> [The problem]:
After locating the line with "HentaiVN.net - Ảnh" in the data that follows, return it and every later line exactly, up to and including the line with "Vista 3 de SCITOO".

> [Exercise inputs]:
┄┄┄┄┄┄┄┄┄┄┄┄┄┄┄┄┄┄┄┄

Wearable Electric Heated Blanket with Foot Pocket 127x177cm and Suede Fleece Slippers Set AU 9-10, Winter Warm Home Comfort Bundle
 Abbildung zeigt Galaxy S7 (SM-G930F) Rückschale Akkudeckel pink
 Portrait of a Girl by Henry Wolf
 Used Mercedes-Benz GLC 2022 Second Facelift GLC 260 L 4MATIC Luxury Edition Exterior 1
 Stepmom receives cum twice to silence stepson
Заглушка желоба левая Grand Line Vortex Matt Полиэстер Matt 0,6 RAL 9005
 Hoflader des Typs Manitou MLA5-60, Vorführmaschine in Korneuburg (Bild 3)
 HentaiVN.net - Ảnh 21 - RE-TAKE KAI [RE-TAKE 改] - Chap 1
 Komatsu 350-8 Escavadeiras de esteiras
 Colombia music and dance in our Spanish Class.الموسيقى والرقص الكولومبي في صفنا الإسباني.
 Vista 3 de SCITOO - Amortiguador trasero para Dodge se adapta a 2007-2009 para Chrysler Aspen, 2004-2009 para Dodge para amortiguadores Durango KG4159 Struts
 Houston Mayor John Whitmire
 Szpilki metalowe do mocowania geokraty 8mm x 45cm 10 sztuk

┄┄┄┄┄┄┄┄┄┄┄┄┄┄┄┄┄┄┄┄

> [Output of the exercise]:
 HentaiVN.net - Ảnh 21 - RE-TAKE KAI [RE-TAKE 改] - Chap 1
 Komatsu 350-8 Escavadeiras de esteiras
 Colombia music and dance in our Spanish Class.الموسيقى والرقص الكولومبي في صفنا الإسباني.
 Vista 3 de SCITOO - Amortiguador trasero para Dodge se adapta a 2007-2009 para Chrysler Aspen, 2004-2009 para Dodge para amortiguadores Durango KG4159 Struts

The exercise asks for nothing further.